Und hier, schon auf dem Boden des Territoriums Idaho und somit auch bereits jenseits der Grenze des Nationalparks selber, aber noch immer inmitten der Gras- und Waldflächen des letzteren, machen wir noch einmal Halt, um uns noch einer, der letzten Ueberraschung bewundernd zu erfreuen. Keine Geyser stürmen hier mehr den Himmel, keine heißen Quellen entfalten ihre Farbenherrlichkeit, und keine Riesenschlünde klaffen in die Erde. Das Alles liegt hinter uns. Die Landschaft zeigt wieder ein gewöhnliches Gebirgsgesicht – ja, wäre das unfehlbare Barometer nicht, welches uns sagt, daß wir uns noch immer in einer Höhe von mehr als achttausend Fuß befinden, wir würden gerade an dieser Stelle des zu wiesenthalartiger Paßeinsattelung eingesunkenen Hochgebirgskammes uns am wenigsten auf ein neues Absonderliches oder Sensationelles gefaßt halten. Und doch kostet es uns gerade hier nur ein paar Schritte vom Wege, nach jener geringfügigen Erhöhung in dem breiten Hochwiesengürtel, um uns an einen der merkwürdigsten Punkte der ganzen Welt zu versetzen.
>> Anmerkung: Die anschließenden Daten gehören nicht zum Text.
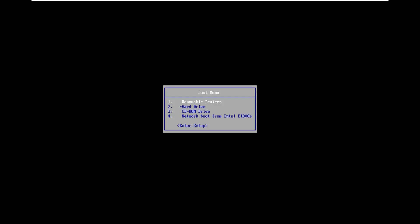And I'm going to go ahead and enter setup, so I'm just going to use my arrow keys on my keyboard to go down to the enter setup option.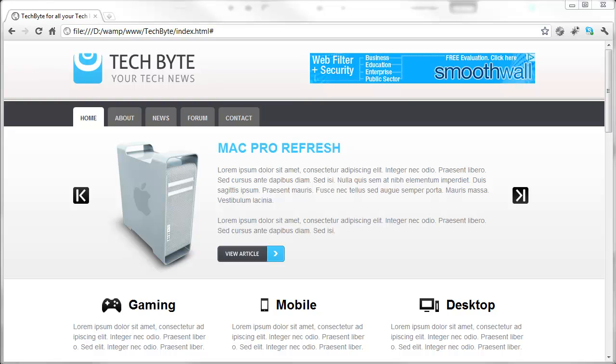In front of you at the moment we can see the actual website that I finished while I was on holiday. I'll just quickly take you through it before I show you how to build this.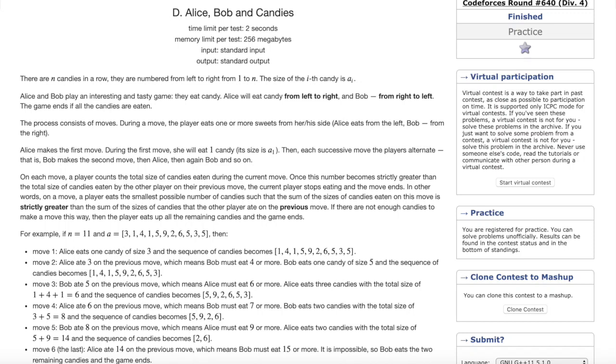So today we'll be going over Codeforces round number 640, problem D, which is Alice, Bob, and Candies. The problem statement is that there are n candies in a row, and they're numbered from left to right from 1 to n. The size of the i-th candy is a of i. You are then given an array of candies.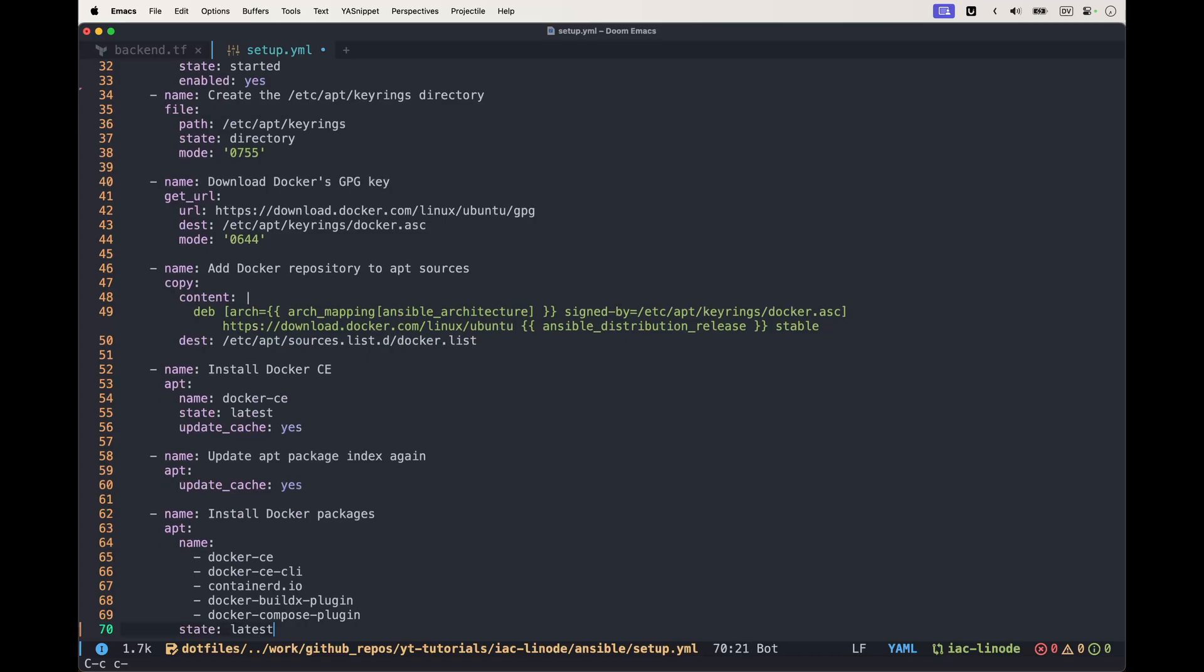I did not know that the version naming for Docker and the version naming for Ansible for the architecture were actually different.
Ein kleiner Wiesensee mit einem sich aus ihm thalwärts windenden, kaum grabenbreiten Wasserlaufe im Nordwesten, ein zweites, kaum breiteres Wasserrinnsal im Osten – beide vom Gipfel dieser einen Erhöhung aus mit einem Blicke zu übersehen: das ist das Schauspiel, welches uns hier selbst nach der Wunderwelt des Yellowstone fesselt. „Wenig genug nach so Vielem und Großem!“ wird der Leser unwillkürlich ausrufen. Aber er gedulde sich mit seinem Achselzucken, bis ihm der Name dieser beiden winzigen Bäche genannt sein und damit Das, was dieselben in aller ihrer neugeborenen Winzigkeit eigentlich zu bedeuten haben, aufgegangen sein wird. Der kleine See und sein Flußsprößling zu unserer Linken sind der Henry’s-Lake und der den nördlichsten Quellarm des Snake River – des großen, früher als der Lewis-Fork[3] des Columbia bekannten Schlangenflusses – bildende Henry’s-Fork. Der winzige Wasserlauf zur Rechten ist der westlichste Quellfluß jenes Madisonflusses, dessen Haupttributar wir in dem von allen Dämonen der vulcanischen Unterwelt aus der Taufe gehobenen Firehole-River kennen gelernt haben. Wie aber der Henry’s-Fork durch den Snake River dem Columbia und somit dem Stillen Ocean zueilt, so strömt die silberne Quellfluth des Westarms des Madison durch diesen letzteren erst dem Missouri, dann dem Mississippi, und endlich im Golf von Mexico [591] dem Atlantischen Ocean zu. Und so steht man auf dieser niedern, unscheinbaren Wiesenerhebung auf einer der merkwürdigsten, stolzesten und weithin gebietendsten Wasserscheiden der Welt, kann man von ihr aus – wohl ein würdiger Abschluß der amerikanischen Wunderlandfahrt! – mit einem Blicke und fast in einem Athem seine Grüße jedem der beiden Weltmeere entsenden, welche diesen gewaltigen, hier mehr als dreitausend Meilen breiten nordamerikanischen Continent bespülen.


  1. Unter Meilen sind in diesen Artikeln stets englische Meilen verstanden, von denen 46/10 auf die deutsche Meile gehen.
  2. Der amerikanische Acre ist etwas über zwei Morgen groß.